**Data to examine**
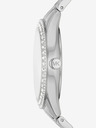 Michael Kors Ασημί γυναικείο ρολόι Michael Kors Harlowe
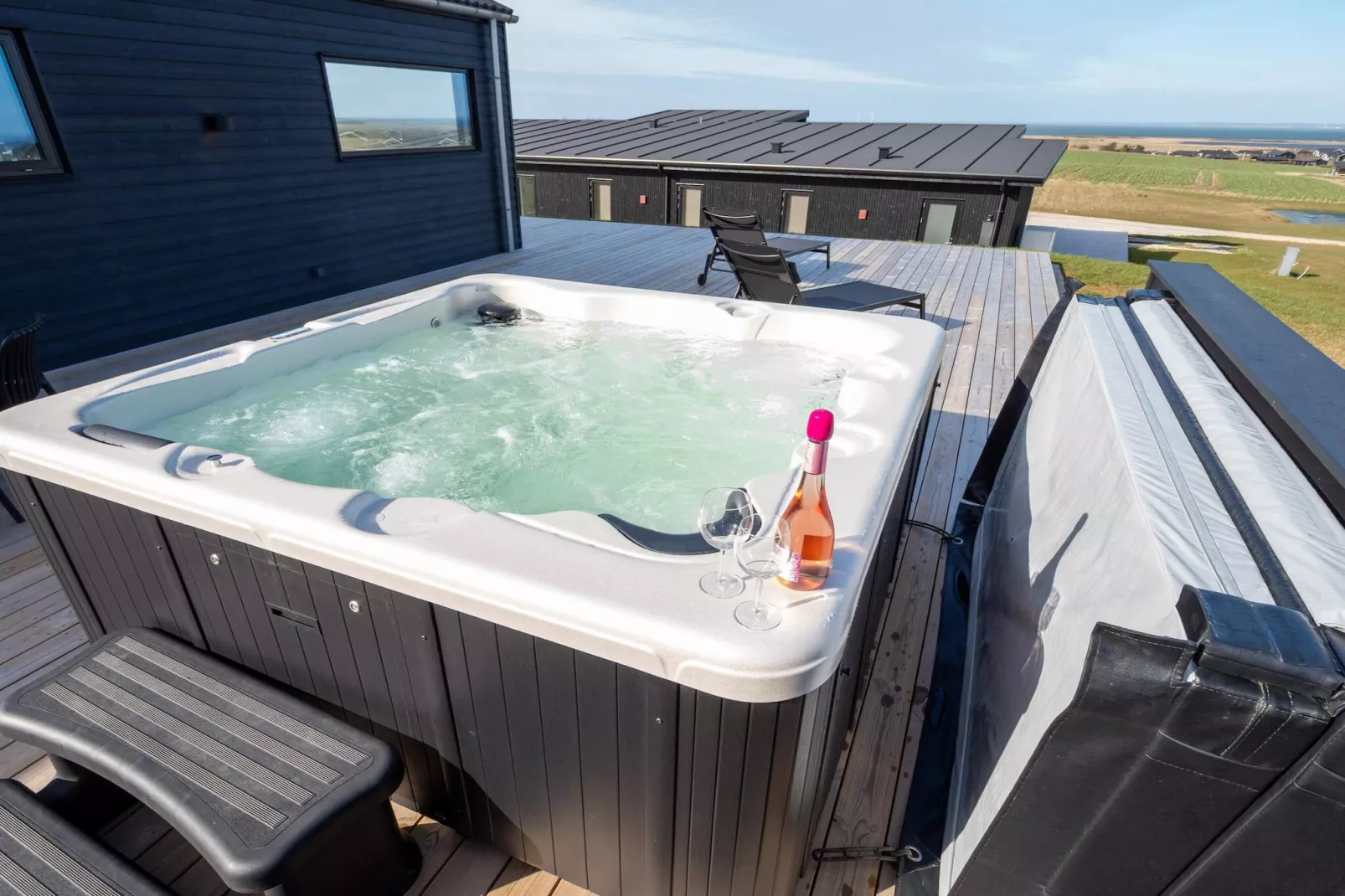 5 sterren vakantie huis in Lemvig - Spa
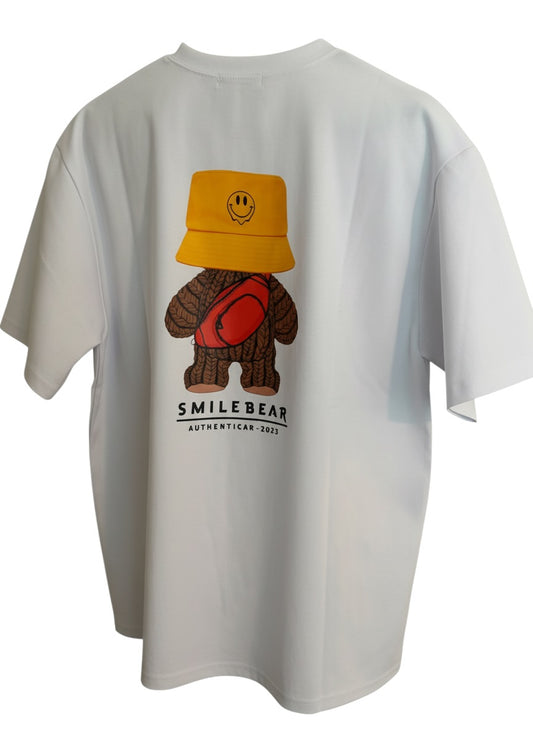 White Oversized T-Shirt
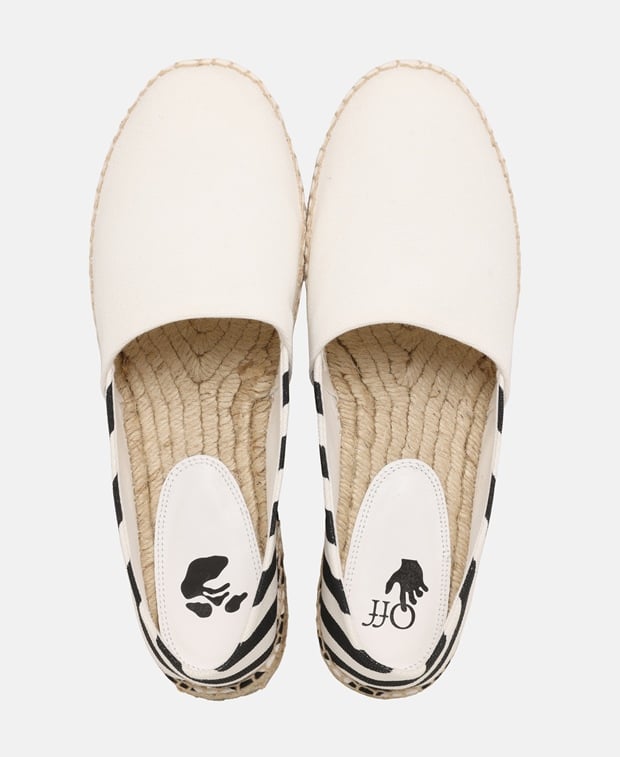 Off-White Owib Espadrilles White
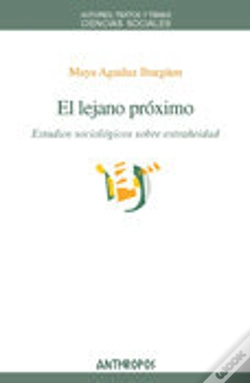 Capa do artigo El Lejano Proximo. Estudios Sociologicos Sobre La Extrañeidad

**What you need to do**
Please copy the lines above, starting at the one that holds "5 sterren vakantie huis in Lemvig - Spa" and stopping after the last line, exactly as they appear and minus the pictures.

**Task output**
 5 sterren vakantie huis in Lemvig - Spa
 White Oversized T-Shirt
 Off-White Owib Espadrilles White
 Capa do artigo El Lejano Proximo. Estudios Sociologicos Sobre La Extrañeidad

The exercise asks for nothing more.